Have you ever felt this way in dental school? That sense of doom, desperation and angst from the insurmountable tasks that need to be accomplished to meet your goals. If you need to pass each year, you must prioritize, process, and succeed in memorizing thousands of pages and images and most of all….. REMEMBER all of it! Then comes the actual “practicing” in real life!
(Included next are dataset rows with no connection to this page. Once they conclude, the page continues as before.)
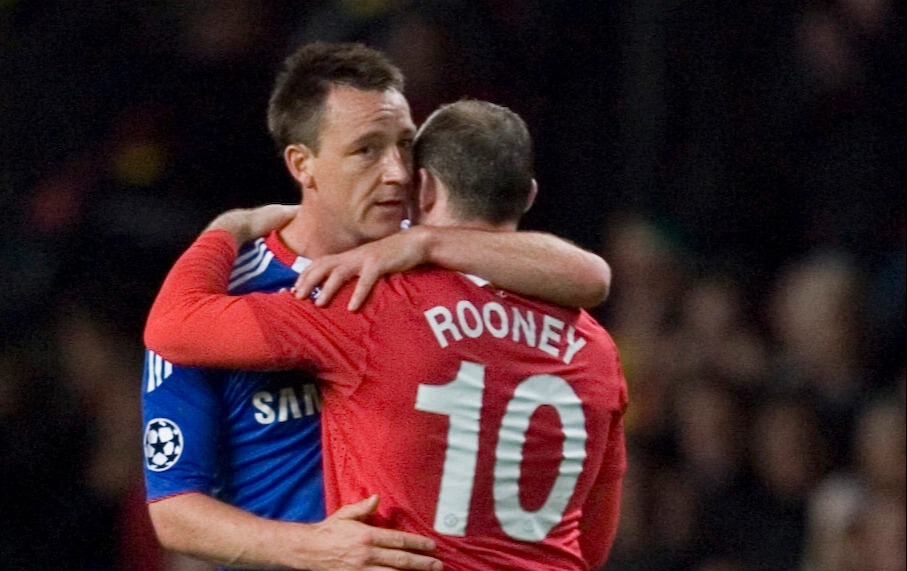 Wayne Rooney and Jamie Carragher both picked John Terry for the Hall of Fame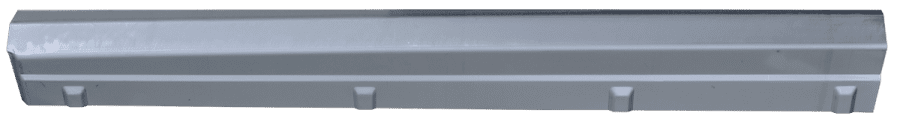 2007-2013 Chevy Silverado / GMC Sierra 2Dr Slip On Rocker Bottom, Driver Side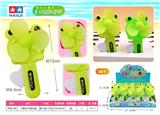 OBL812251 - The little green frog hand fan (20)
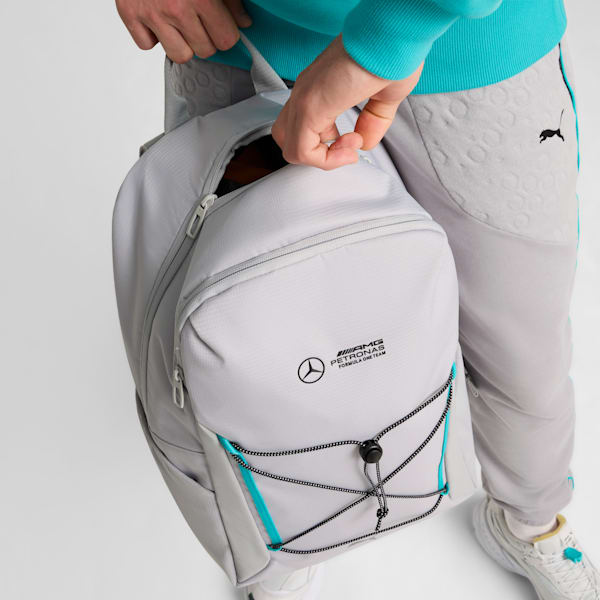 Mochila Mercedes-AMG Petronas F1®, Mercedes Team Silver, large-ARG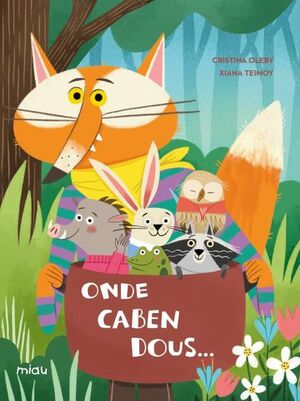 (G).ONE CABEN DOUS.(MIAU ALBUM INFANTIL)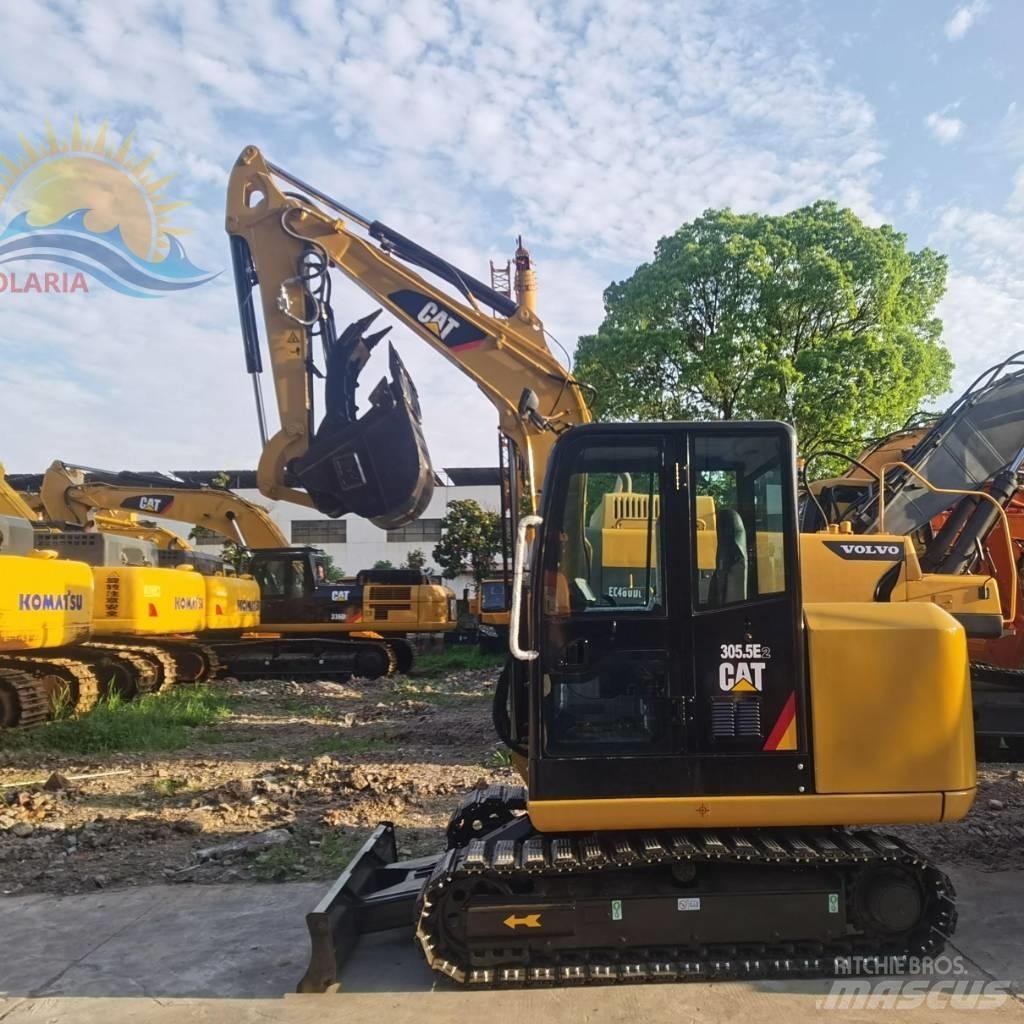 CAT 305.5 E 2 Mini excavadoras < 7t
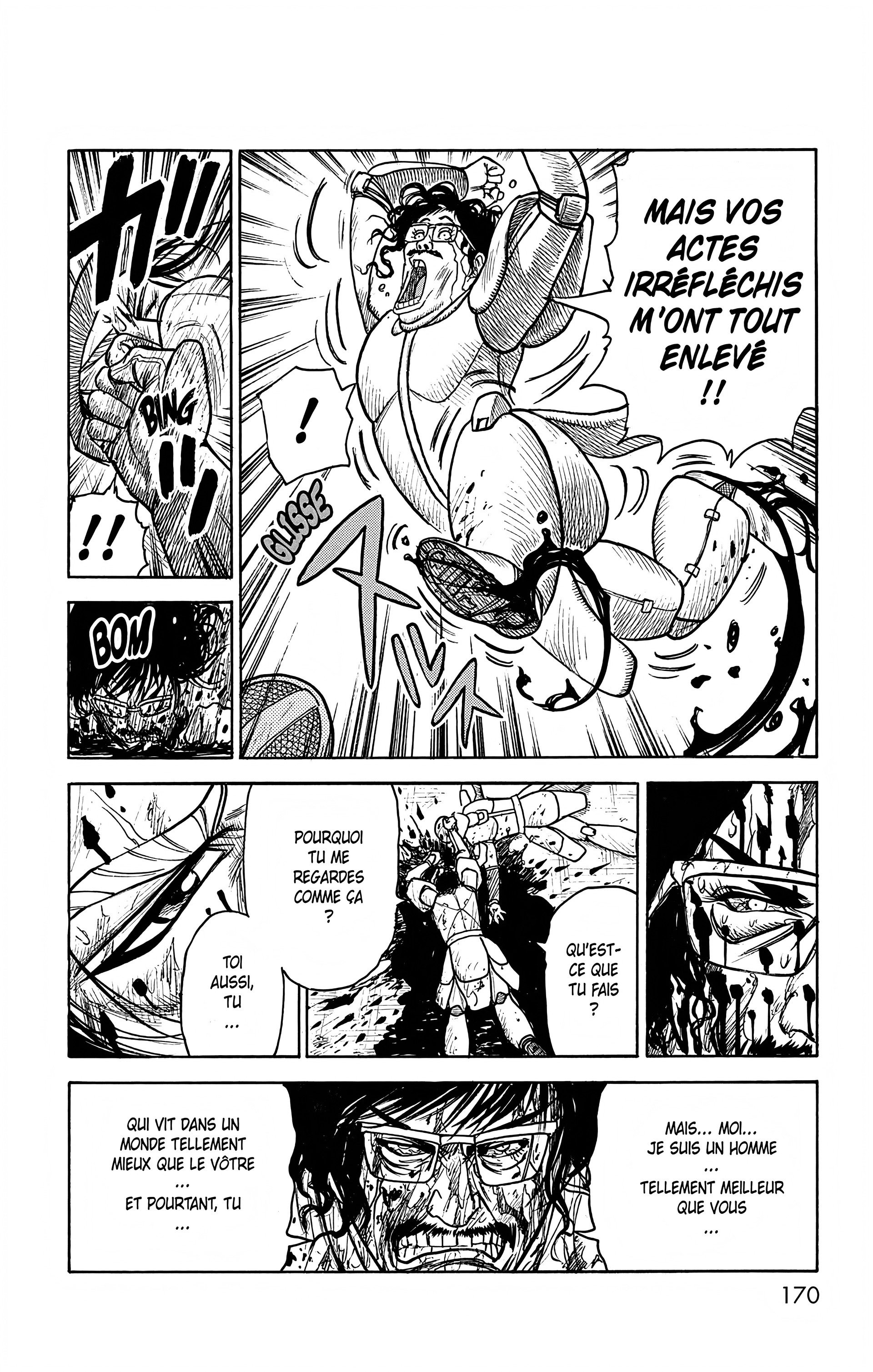 Read Prisonnier Riku FR Manga Online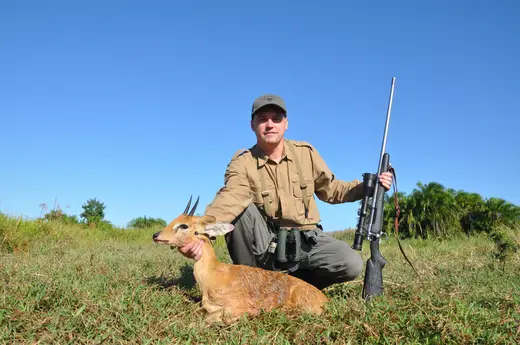 Kendall Killbourne Africa Pics 2 036 — Africa Plains Game Hunts at Gunners Taxidermy
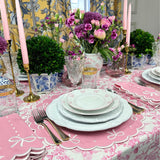 Juliet Bows Placemat - Pink (Set of 4)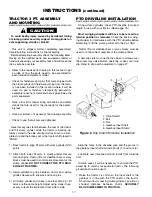 Preview for 18 page of Worksaver SG-26A Owner'S Operation Manual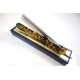 Dovo Straight Razor Special 5/8" Full Hollow Imitation Tortoiseshell Handle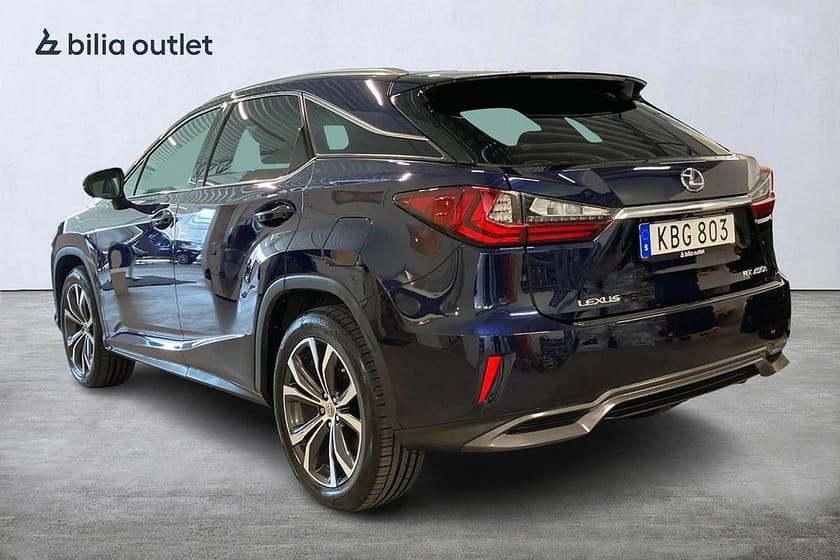 Bild 3 av Lexus RX 450h AWD 3.5 V6 E-CVT Executive Drag B-kam HUD Navi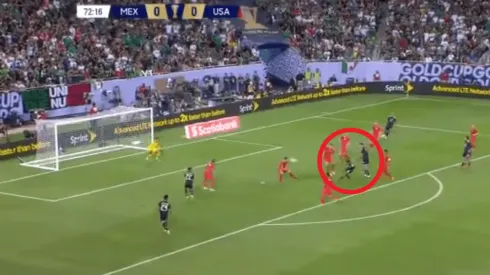 Al fín llegó: Raúl asistió de taco y Dos Santos la colgó del ángulo para el gol de México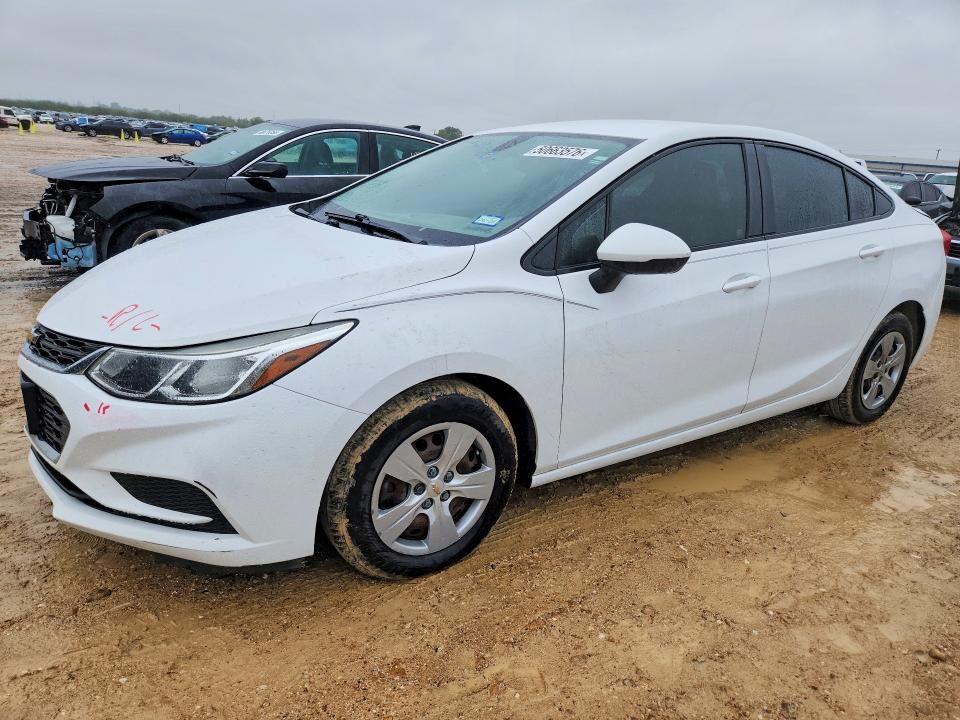 2017 CHEVROLET Cruze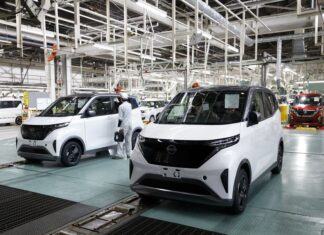 Nissan & Mitsubishi Make Their First Push With New Mini EVs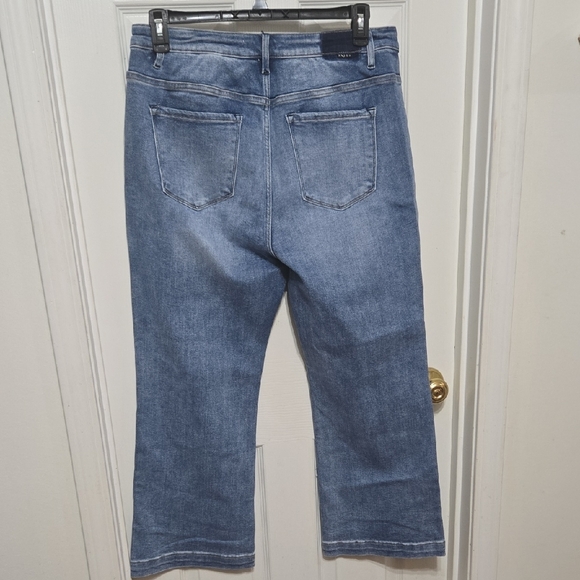 Risen Jeans Stylish Blue Boot Cut Jeans - Picture 6 of 7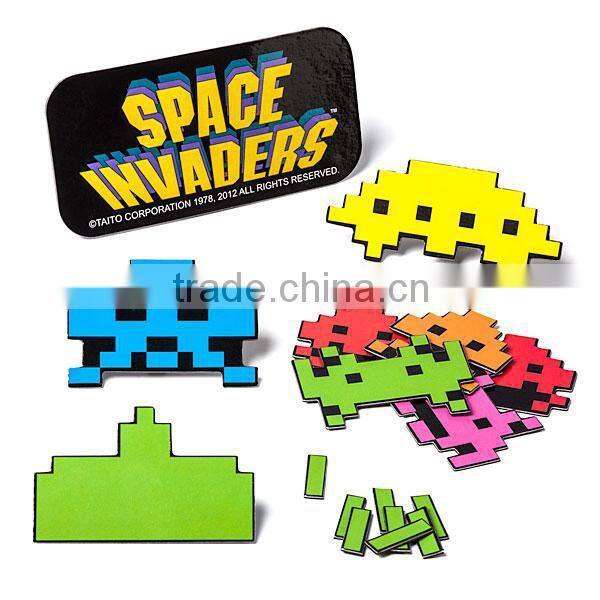 ad promotional magnetic sticker (M-C177)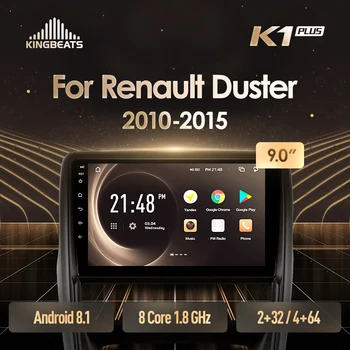 

KingBeats Android 8.1 head unit 4G in Dash Car Radio Multimedia Video Player Navigation GPS For Renault Duster 1 2010 - 2015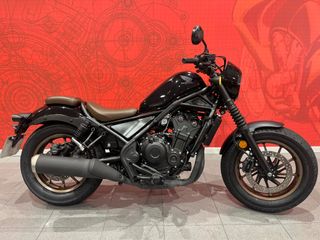 Honda Rebel 500 SP Negra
How does your brain do this? Where in your body is this “being” that is watching and directing all this action….Is this the homunculus- the tiny human inside your brain that was once thought to be the master of your thoughts? Who or what is controlling your thoughts and actions? THAT is the “Working Memory”, coined by Miller, Galanter and Pribram in 1960 who compared the brain to a computer. Many decades later, now that we are very familiar with the workings of a computer, we can appreciate how our brain really works. Though many theories on memory have been researched, Baddeley’s Working Memory Model has the attributes that could explain this process that is very analogous to a computer. It has 4 components: Central Executive component integrates and coordinates information and decides if it is relevant and either uses it immediately or stores it in long-term memory for future retrieval. Phonological loop stores phonological information and helps rehearsal (like remembering a phone number to dial), the visual-spatial sketchpad that stores visual and spatial information, creating mental maps and making associations, the episodic buffer that integrates phonological , visual, spatial and semantic information, and connects to the long-term memory. Working Memory is limited in its capacity and can only hold 7 “chunks” of information. Practice and repetition can only improve the retrieval time but cannot increase the working memory capacity. It increases from infancy to adulthood and declines as we get older. It is responsible for self-regulation of emotions and learning and is an important indicator of academic success, even more than intelligence. If this is so complicated for normal adults, what about our students with ADHD or Dyslexia? Research shows that the Working Memory deficits are very common in such individuals. In a study by Mary Alt et al, a comparison of the different components of the Baddeley’s model was tested between children with dyslexia and children with normal development. Results show the Phonological Loop as well as Central Executive component deficits in children with dyslexia. What can you do as a dental educator to be inclusive in your classroom?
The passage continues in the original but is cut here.